The Wrath of Kon

Dispatches, thoughts, and miscellanea from writer Jon Konrath

March 2006

Bike junk

Yesterday, I got an application for Bike New York in the mail. I have no idea how they got my name - maybe from some bike junk I ordered off the web - but it was a strange coincidence, because I would love to get in shape and try the ride, but I’m completely fucked up right now. I sprained the MCL in my right knee about a month ago, and I’m just now at the point where I’m not in agonizing pain on a costant basis. Hobbling around on a cane has caused my other knee to feel a bit wonky, and I have to wear this horrible compressive brace every day, which is like having my leg in a vice while I’m at work. Then when I get home and take out my leg, it’s imprinted in a reverse-mold of the inside of the brace, like some kind of Play-Doh fun factory thing. After extrication, my knee feels really - weird - as it expands and sloshes back into its regular form. I usually take drugs by then, so I can avoid this strange feeling. Despite all of this, I am getting around better, sometimes without the cane, and maybe the brace will go away soon, too.

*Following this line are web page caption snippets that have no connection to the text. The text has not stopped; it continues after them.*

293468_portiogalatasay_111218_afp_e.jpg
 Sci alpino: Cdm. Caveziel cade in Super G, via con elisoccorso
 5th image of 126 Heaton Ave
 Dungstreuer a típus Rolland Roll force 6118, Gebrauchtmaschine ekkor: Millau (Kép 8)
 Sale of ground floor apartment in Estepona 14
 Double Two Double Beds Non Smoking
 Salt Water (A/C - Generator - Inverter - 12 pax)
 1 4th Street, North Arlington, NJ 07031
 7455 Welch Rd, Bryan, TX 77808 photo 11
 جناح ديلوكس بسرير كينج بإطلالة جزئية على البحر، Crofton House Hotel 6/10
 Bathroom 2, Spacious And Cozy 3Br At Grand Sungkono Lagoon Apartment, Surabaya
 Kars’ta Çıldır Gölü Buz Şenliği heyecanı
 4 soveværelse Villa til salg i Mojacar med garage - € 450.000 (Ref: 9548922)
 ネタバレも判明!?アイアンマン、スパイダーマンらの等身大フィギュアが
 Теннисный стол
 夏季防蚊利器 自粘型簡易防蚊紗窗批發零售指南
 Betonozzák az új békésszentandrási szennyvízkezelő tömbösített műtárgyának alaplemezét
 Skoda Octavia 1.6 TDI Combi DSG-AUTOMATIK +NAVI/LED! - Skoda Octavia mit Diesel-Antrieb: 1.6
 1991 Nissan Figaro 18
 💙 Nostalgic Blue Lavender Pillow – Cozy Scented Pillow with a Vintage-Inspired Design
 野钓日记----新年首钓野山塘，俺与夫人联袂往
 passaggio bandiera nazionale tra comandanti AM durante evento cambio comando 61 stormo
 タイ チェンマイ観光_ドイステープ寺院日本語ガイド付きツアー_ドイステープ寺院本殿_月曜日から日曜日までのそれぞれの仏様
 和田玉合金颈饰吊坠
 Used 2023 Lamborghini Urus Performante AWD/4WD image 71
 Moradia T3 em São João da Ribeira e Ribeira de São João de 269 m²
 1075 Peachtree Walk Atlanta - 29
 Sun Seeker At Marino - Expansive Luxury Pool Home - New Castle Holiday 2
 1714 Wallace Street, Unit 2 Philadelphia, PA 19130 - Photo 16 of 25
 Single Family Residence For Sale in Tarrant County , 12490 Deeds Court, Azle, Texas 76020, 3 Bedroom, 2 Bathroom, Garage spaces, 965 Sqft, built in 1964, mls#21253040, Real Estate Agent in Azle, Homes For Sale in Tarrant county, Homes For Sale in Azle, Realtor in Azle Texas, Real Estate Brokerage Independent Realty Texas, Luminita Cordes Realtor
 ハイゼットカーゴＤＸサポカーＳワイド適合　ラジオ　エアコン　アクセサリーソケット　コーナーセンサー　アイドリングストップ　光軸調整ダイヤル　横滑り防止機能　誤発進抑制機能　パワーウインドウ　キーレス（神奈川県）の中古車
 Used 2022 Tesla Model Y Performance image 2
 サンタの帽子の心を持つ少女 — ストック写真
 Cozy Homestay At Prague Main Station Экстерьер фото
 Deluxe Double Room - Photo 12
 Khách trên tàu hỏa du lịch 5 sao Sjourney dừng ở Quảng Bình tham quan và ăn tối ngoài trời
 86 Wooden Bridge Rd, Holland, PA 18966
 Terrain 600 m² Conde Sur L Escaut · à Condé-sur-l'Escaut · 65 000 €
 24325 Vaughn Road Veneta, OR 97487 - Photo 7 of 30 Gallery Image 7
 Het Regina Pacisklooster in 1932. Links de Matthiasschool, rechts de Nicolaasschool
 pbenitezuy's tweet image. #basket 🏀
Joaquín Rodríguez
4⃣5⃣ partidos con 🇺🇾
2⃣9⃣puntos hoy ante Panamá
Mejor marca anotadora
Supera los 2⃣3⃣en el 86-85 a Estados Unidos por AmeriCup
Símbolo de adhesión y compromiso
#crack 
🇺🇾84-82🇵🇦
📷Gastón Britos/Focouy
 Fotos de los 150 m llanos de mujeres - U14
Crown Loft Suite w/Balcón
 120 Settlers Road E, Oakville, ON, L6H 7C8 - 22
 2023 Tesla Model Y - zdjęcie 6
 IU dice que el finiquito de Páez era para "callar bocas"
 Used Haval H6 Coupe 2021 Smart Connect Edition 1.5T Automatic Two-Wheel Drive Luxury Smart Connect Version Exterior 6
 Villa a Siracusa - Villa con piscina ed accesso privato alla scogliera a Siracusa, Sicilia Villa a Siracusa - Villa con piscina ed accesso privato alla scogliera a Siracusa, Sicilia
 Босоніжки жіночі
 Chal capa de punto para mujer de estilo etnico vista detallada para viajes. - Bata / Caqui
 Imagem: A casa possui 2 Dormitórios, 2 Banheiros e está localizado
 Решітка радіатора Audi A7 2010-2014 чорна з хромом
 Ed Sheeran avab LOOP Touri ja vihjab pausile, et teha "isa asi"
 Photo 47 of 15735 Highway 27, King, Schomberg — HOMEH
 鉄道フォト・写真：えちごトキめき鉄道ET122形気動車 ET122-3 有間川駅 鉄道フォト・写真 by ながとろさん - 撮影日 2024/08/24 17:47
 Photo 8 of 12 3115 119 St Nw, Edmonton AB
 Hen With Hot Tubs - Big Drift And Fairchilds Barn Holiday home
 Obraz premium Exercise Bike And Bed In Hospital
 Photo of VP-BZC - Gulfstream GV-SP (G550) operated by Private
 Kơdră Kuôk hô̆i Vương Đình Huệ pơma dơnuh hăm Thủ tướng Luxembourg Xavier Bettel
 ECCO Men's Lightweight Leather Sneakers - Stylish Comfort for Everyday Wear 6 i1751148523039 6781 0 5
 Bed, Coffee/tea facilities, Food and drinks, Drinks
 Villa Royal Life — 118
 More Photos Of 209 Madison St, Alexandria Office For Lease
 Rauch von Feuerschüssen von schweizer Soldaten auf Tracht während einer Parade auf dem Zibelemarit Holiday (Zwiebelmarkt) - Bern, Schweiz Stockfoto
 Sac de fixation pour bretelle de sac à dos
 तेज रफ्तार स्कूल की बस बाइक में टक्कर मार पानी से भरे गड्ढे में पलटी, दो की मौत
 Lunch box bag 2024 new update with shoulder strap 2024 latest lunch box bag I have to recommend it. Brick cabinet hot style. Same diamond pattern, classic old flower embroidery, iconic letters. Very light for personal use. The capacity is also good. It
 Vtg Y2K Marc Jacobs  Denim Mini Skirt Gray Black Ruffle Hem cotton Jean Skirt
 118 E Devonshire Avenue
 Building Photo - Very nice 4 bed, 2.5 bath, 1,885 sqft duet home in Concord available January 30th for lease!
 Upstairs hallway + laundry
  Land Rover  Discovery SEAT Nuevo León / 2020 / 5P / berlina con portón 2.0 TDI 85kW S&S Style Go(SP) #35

But I don’t think a 42-mile bike ride is in the cards, at least not on May 6th or whenever it is. I keep trying to do the math on how long it would take me to train for a 42-mile ride, and then also trying to predict how long it would be until I could ride a bike, and then add them together and see if they were less than eight weeks. While I could maybe train more in a given time period, by riding way too much, I can’t speed up the healing of the knee, so that pretty much fucks the whole thing.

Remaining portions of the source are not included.